Les différentes méthodes pour configurer des zones
Dans un zoning basique, comme expliqué plus haut, l’administrateur se contente de configurer les switches pour créer des ponts étanches entre certains de leurs ports, en partant du principe qu’il sait quel port d’un switch est physiquement relié à un serveur ou à une baie.
Néanmoins, le zoning peut être plus efficacement configuré dans les switches en définissant des ponts entre les WWN. Ainsi, qu’importe qu’un équipement soit au fil du temps branché sur un autre port de la fabric, le zoning perdurera. Attention toutefois : sur un serveur, le WWN est en fait celui de sa carte contrôleur HBA, celle qui lui permet de communiquer via le protocole FCP. Si cette carte est remplacée, il faut reconfigurer les switches, car le serveur n’aura plus le même WWN.
Toujours au niveau du switch, il est possible d’affiner le zoning pour qu’il regroupe non pas un serveur et une baie de disques, mais un serveur et seulement certains ports d’une baie.
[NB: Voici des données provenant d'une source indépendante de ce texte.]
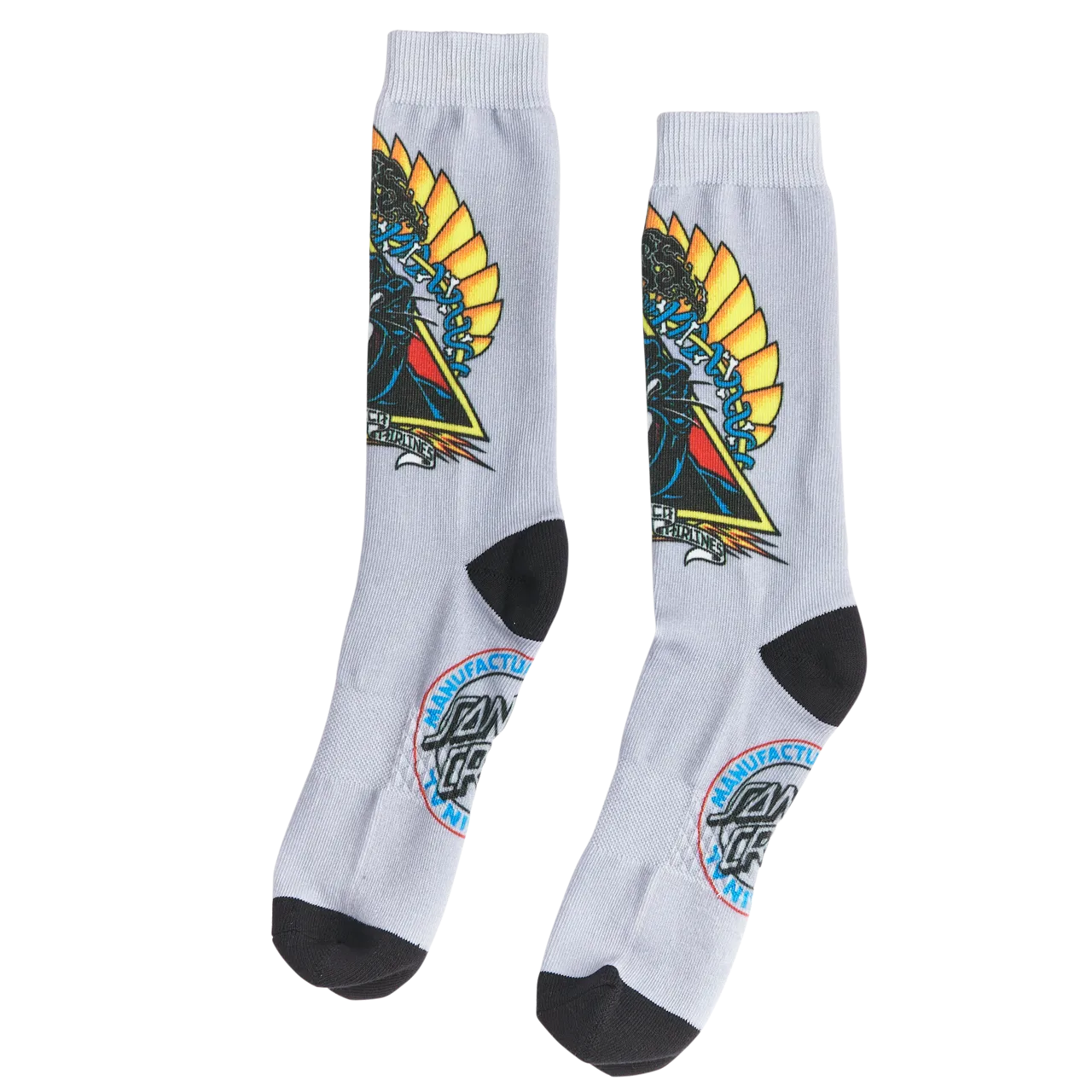 SANTA CRUZ NATAS SCREAMING PANTHER CREW SOCKS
Ainsi, lorsque le serveur demande à la fabric la liste des adresses 24 bits attribuées à des ports derrière lesquels se trouvent des LUNs, il ne recevra qu’une liste réduite d’adresses correspondant aux seuls ports autorisés.
On parle de « soft » zoning quand le switch se contente de sélectionner des adresses pour répondre à une demande d’inventaire et de « hard zoning » quand il dispose d’un circuit de filtre qui interdit au serveur tout accès à certaines adresses, pour le cas où le serveur chercherait tout de même à joindre une adresse alors que la fabric ne lui a pas dit qu’elle existait. Tous les switches récents font du hard zoning.
Une table de correspondance similaire peut être configurée au niveau de la baie. Sachant qu’un serveur interroge une baie pour au final accéder à des LUNs, il est possible de définir dans la baie une liste qui indique quel serveur, d’après son WWN, peut accéder à quel LUN. Ainsi, la baie de disques répond au serveur en ne lui montrant que les LUNs qu’elle l’autorise de voir. Si le zoning a été configuré de manière basique au niveau du switch, il suffit d’indiquer à la baie qu’elle doit reconnaître un serveur non pas grâce à son WWN, mais d’après le port de cette baie par lequel est arrivé la requête du serveur.
Du côté du serveur, les zones peuvent être définies à plusieurs niveaux. Au plus bas, il est possible de configurer le firmware ou le pilote de la carte contrôleur HBA – ou l’hyperviseur dans le cas d’un serveur virtualisé - avec un masque qui ne lui laisse voir que certaines adresses FCP. Un cran au-dessus, le système d’exploitation du serveur est paramétrable pour monter ou non des volumes d’après les LUNs qu’il voit. Enfin, au plus haut niveau, des applications d’administration du stockage proposent des fonctions pour attribuer ou pas à certaines applications l’accès aux volumes montés.
Au final, définir des zones tout à la fois depuis les switches, depuis les serveurs et depuis les baies de disques permet de conserver le zoning au cas où l’un ou l’autre équipement serait corrompu par un pirate.
Au final, définir des zones tout à la fois depuis les switches, depuis les serveurs et depuis les baies de disques permet de conserver le zoning au cas où l’un ou l’autre équipement serait corrompu par un pirate. L’administrateur s’offre également l’opportunité de provisionner des espaces de stockage en passant par la console d’un des équipements, selon sa spécialité.